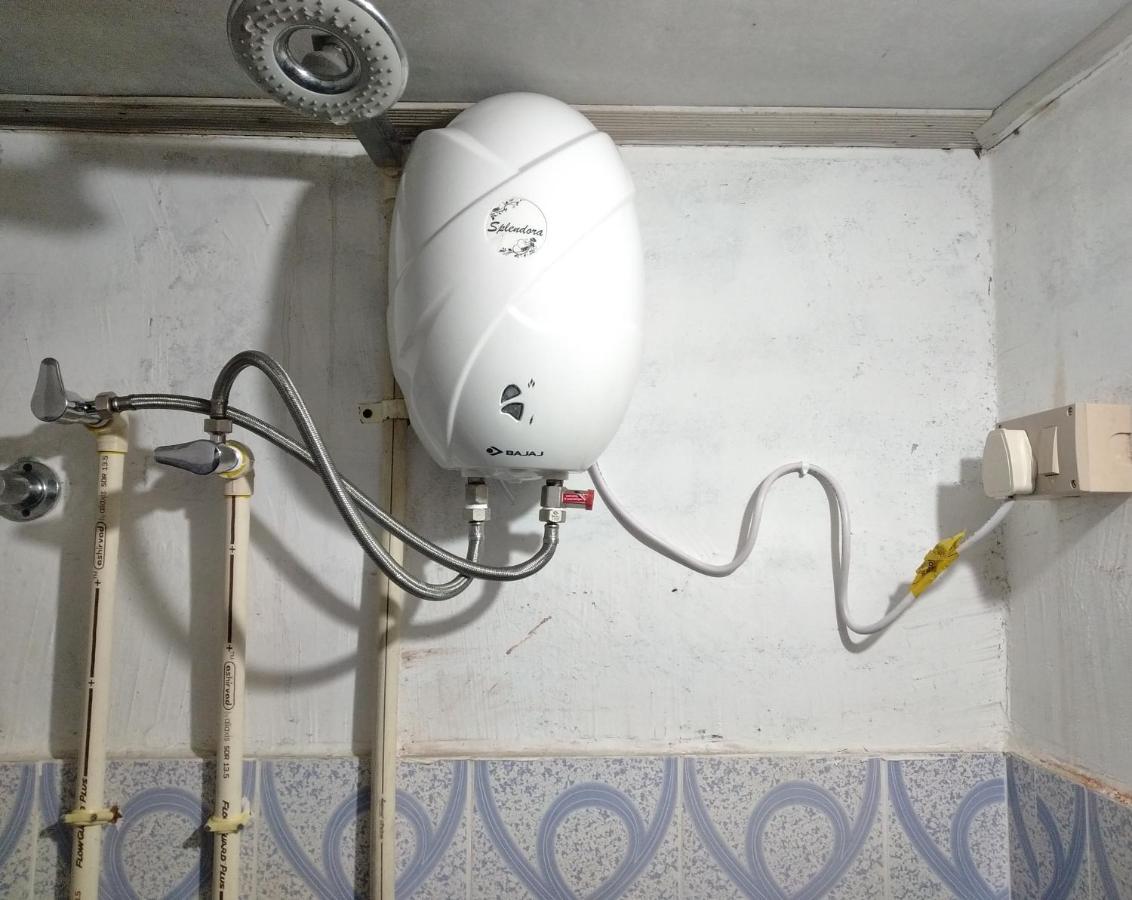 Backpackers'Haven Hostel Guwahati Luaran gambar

--

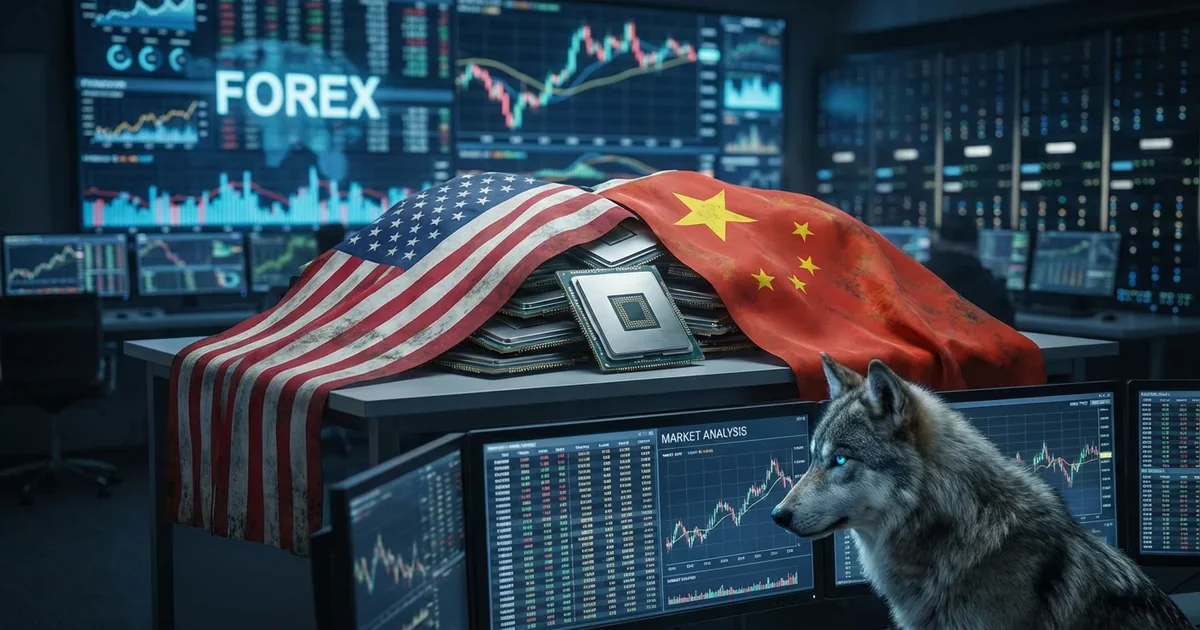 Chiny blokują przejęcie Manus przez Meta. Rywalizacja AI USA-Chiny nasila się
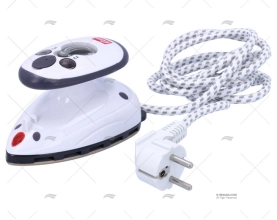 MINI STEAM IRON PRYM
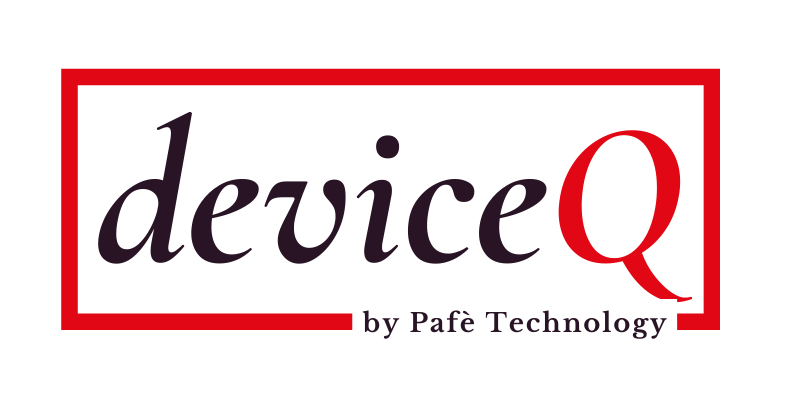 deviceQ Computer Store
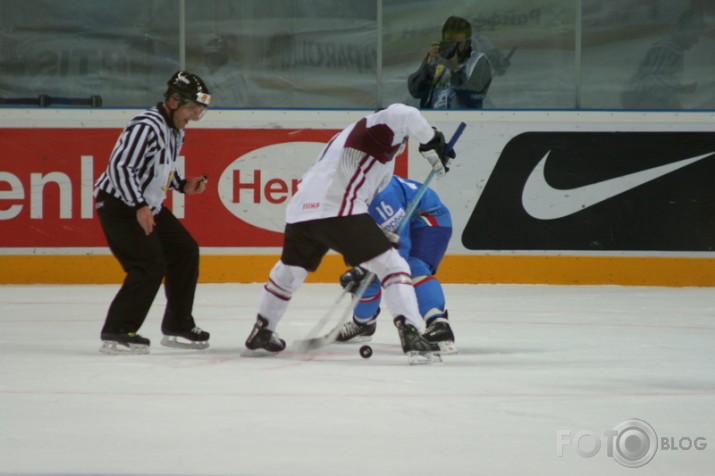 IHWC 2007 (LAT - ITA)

==

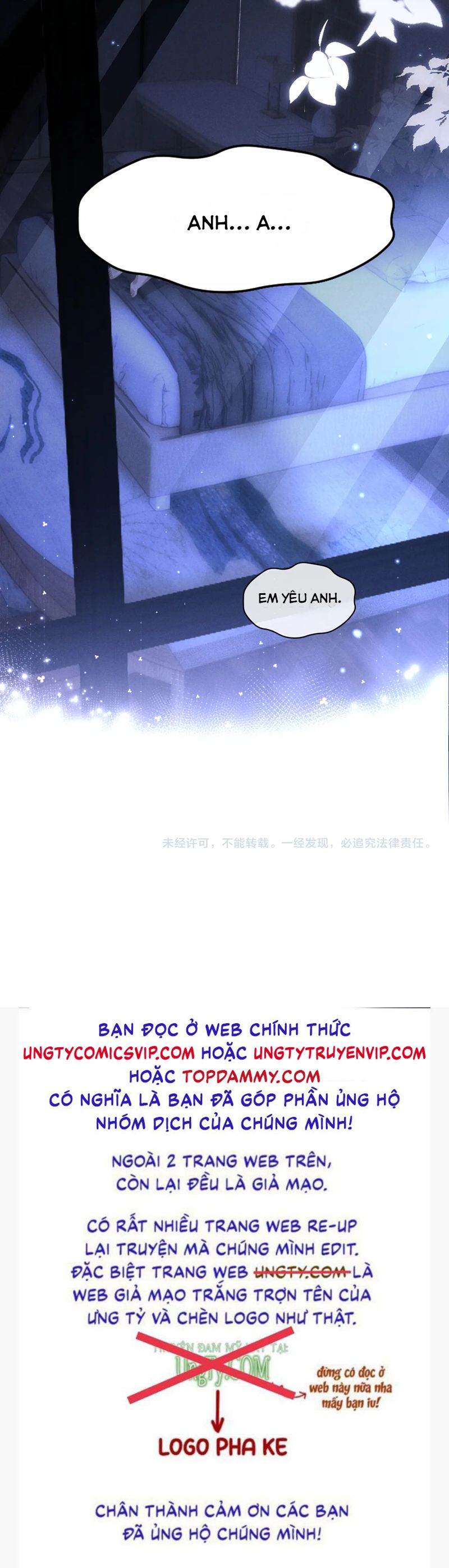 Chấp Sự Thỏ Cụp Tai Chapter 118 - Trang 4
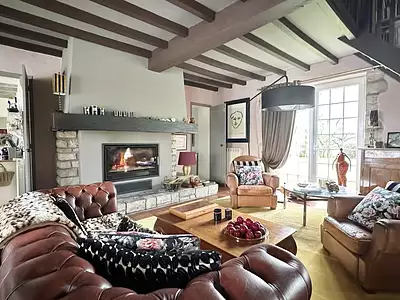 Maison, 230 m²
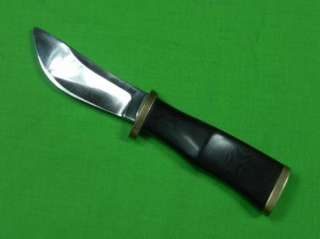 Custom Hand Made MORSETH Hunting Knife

● What you will do: Print exactly the lines above that run from the one with "Chấp Sự Thỏ Cụp Tai Chapter 118 - Trang 4" to the one with "Custom Hand Made MORSETH Hunting Knife", both included. No pictures.

● Exercise solution:
 Chấp Sự Thỏ Cụp Tai Chapter 118 - Trang 4
 Maison, 230 m²
 Custom Hand Made MORSETH Hunting Knife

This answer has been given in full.